Stéphane : Mais après, sur Kaly on n’a pas trop de barrières, juste que notre spécialité est d’avoir ce coté Dub. C’est ce qui fait l’identité Kaly. Mais on se mélange avec tout, on est hyper ouvert, on veut vraiment tester de nouvelles choses. La MAO par exemple. On a tous des Side-project très différents, et cela nourrit clairement la musique de Kaly, et sa diversité. On n’a donc jamais fait de disque trop uniforme, sauf sur Hydrophonic, mais c’était volontaire. On voulait faire un pavé un peu Dub-dark sur celui là.


La Question qui fâche : Quand on parle de “Dub”, on est maintenant obligé de mettre “Step” après ? Que pensez-vous de la place prépondérante du Dubstep depuis deux ans ?

Thibault : Le Dubstep est assez régénérateur. Je trouve ça cool. Il y a une syncope nouvelle, une conception qui n’est pas propre au dub.

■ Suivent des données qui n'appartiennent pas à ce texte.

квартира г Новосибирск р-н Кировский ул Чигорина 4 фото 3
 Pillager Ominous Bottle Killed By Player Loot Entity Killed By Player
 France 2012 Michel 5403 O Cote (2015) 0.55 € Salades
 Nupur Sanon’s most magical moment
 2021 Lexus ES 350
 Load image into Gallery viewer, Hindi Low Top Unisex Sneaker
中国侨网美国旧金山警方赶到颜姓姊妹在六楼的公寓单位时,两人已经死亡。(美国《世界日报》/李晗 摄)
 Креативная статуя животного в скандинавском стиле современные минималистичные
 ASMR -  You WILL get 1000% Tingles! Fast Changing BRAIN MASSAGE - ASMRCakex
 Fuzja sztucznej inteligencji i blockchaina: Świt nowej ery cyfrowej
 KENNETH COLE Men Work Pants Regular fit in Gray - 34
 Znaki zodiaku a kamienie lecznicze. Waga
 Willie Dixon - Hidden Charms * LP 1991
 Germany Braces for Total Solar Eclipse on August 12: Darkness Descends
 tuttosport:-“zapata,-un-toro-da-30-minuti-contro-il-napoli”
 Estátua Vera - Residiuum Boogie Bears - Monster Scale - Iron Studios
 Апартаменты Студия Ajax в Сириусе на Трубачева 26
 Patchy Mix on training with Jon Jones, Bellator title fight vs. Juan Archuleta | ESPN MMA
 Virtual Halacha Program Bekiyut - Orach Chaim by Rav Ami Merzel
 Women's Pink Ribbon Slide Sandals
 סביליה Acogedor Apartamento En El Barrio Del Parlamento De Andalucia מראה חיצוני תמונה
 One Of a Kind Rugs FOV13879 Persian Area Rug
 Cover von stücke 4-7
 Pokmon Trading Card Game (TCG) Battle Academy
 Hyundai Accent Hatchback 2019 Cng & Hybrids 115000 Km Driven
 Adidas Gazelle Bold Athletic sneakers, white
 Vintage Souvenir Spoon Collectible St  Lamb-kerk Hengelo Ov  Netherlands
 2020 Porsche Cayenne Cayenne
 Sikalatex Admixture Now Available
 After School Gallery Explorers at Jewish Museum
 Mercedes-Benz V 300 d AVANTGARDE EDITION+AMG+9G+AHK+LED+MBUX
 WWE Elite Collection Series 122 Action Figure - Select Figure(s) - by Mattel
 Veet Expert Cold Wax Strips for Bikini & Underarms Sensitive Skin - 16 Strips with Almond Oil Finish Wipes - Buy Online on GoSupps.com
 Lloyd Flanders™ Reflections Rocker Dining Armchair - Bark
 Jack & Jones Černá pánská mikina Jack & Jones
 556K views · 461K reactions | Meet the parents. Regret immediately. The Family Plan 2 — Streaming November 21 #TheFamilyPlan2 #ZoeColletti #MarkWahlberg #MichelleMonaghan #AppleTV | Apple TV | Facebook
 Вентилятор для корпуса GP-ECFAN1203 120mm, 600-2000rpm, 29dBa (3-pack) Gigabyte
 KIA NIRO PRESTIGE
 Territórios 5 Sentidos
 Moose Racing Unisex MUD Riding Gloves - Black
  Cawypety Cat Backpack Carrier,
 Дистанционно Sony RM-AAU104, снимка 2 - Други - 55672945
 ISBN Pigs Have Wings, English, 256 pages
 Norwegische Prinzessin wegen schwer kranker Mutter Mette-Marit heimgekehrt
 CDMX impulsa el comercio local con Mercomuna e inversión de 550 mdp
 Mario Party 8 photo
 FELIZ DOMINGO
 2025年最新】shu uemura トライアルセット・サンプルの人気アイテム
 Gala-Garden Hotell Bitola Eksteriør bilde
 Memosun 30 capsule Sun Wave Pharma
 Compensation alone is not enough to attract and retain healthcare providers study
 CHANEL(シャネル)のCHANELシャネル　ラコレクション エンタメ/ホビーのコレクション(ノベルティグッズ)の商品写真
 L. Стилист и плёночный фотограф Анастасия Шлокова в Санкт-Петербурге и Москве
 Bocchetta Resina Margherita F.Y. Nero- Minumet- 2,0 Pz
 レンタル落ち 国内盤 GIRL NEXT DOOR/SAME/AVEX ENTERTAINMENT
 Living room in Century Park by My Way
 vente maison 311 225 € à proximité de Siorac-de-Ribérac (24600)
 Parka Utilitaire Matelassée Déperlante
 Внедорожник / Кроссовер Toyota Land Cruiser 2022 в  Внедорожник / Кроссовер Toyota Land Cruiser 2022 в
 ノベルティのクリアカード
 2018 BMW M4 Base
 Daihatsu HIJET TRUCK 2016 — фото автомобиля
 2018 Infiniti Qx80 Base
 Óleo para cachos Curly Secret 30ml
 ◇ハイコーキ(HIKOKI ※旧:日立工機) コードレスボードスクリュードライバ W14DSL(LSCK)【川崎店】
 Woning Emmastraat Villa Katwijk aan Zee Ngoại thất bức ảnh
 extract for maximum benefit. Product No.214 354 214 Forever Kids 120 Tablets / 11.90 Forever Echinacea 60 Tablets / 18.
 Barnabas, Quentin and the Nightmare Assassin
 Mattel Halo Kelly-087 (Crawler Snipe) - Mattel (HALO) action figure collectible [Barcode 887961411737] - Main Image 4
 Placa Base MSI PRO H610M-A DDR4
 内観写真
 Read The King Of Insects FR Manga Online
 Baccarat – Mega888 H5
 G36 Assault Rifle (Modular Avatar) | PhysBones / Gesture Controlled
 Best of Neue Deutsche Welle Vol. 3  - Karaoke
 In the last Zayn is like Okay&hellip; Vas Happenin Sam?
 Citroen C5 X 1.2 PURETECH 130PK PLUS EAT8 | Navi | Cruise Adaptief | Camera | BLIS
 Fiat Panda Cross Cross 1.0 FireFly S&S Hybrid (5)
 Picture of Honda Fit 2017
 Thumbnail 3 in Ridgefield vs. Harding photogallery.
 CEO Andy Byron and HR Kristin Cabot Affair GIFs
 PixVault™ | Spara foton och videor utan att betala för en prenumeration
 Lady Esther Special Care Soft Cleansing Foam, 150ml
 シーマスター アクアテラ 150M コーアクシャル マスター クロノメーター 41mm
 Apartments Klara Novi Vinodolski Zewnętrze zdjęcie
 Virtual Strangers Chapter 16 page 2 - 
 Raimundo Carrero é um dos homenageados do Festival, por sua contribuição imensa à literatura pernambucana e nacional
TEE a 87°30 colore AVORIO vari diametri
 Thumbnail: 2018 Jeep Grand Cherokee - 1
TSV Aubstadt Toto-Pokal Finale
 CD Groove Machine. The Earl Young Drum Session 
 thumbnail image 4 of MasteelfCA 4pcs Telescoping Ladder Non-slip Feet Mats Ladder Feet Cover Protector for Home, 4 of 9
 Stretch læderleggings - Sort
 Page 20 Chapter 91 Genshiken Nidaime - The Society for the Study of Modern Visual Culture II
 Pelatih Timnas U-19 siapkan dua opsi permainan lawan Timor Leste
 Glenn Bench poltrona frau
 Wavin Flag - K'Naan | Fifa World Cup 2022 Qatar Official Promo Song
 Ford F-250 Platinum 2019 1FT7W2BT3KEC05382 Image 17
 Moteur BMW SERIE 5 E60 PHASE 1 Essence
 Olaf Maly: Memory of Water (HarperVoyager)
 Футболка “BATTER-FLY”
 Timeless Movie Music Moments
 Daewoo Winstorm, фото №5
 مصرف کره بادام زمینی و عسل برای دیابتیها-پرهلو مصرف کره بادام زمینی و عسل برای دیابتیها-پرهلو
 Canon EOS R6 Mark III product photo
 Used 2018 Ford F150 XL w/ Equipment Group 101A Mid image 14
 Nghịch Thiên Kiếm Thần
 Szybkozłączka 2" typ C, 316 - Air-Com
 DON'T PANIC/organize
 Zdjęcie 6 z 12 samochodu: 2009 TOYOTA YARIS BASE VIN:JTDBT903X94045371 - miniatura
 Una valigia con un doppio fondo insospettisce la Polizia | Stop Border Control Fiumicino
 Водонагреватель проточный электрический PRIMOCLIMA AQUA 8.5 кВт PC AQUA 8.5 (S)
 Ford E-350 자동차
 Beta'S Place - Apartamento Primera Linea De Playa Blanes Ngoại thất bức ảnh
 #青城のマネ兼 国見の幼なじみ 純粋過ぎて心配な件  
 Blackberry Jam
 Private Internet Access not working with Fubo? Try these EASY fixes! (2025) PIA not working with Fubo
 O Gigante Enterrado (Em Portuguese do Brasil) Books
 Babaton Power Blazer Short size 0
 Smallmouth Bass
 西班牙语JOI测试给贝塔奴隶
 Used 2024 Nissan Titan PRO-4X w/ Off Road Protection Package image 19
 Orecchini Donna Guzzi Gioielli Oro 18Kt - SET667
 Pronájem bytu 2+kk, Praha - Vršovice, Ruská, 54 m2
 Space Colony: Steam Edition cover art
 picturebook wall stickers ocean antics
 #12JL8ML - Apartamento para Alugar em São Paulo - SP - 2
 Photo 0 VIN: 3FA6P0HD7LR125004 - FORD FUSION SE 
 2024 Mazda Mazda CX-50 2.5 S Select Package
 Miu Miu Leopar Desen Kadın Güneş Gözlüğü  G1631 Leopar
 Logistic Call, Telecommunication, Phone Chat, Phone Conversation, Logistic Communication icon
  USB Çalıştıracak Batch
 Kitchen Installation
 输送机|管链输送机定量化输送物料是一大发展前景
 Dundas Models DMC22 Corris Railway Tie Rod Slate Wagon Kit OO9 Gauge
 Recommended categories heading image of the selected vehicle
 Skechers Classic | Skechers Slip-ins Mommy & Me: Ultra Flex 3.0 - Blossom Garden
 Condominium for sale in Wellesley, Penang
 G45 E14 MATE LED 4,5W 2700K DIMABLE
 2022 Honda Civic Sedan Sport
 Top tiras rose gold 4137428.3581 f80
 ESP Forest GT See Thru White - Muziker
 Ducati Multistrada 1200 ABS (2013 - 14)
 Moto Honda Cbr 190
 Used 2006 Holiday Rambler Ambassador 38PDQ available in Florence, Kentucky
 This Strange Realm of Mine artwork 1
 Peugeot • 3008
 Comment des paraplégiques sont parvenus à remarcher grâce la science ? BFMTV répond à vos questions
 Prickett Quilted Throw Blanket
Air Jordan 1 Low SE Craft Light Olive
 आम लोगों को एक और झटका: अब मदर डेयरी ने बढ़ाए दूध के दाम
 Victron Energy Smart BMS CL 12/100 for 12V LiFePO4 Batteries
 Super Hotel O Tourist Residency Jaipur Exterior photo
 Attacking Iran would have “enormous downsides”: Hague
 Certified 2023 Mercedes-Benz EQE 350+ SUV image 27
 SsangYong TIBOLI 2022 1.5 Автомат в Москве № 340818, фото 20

Le problème, c’est justement que l’on commence à nous en servir à toutes les sauces. C’est la nouvelle Drum’n Bass en fait. Il y a 10 ans, il y avait des soirées Drum’n Bass de partout, et au bout d’un moment, cela devenait super rébarbatif, toujours pareil, toujours les mêmes lignes rytmiques. Il ne faudrait pas que le Dubstep tombe là dedans. C’est un système musical qui fonctionne super bien, mais la recette commence à être un peu trop déclinée. Enfin, c’est comme dans toutes les musiques, à partir du moment ou le mec se prend la tête pour sortir un univers personnel, ce sera toujours quelque chose d’intéressant.


Pour finir, un disque de Dub à conseiller, pour ceux qui ne connaissent pas forcément le genre ?

Stéphane : Pour ne pas avoir de racine Reggae, pour moi c’est vraiment Barbary de Ez3kiel. Il y a aussi un disque que j’aime beaucoup, c’est le disque Megaton Dub de Lee Perry, qui a une profondeur énorme.

Thibault : Moi je pense qu’il y a un album Dub qui a marqué beaucoup de groupe sur Lyon, c’est le Massive Attack remixé par Mad Professor, No Protection. Celui là, tu l’écoutes, tu prends pas mal de disques Dub, et tu te rends contre qu’il y a une vraie filiation. La scène Dub de Lyon s’est prise ce disque en pleine gueule. Tu le replaces avant notre premier disque, ou lOpus Incertum de High Tone ; tu comprends pas mal de choses… Mad Professor a fait pas mal de trucs aux kilomètres, mais celui là, il est vraiment énorme…

Stéphane : Sinon pour parler dans un domaine plus large, il y a le Dummy de Portishead. Les rythmes lents lourds ne sont pas si éloignés du Dub. Le nouveau sort enfin d’ailleurs, j’ai écouté Machine gun, ce morceau est monumental.


Merci à Kaly Live Dub et Clair de 4Promo. “Fragments” sorti le 07 avril 2008.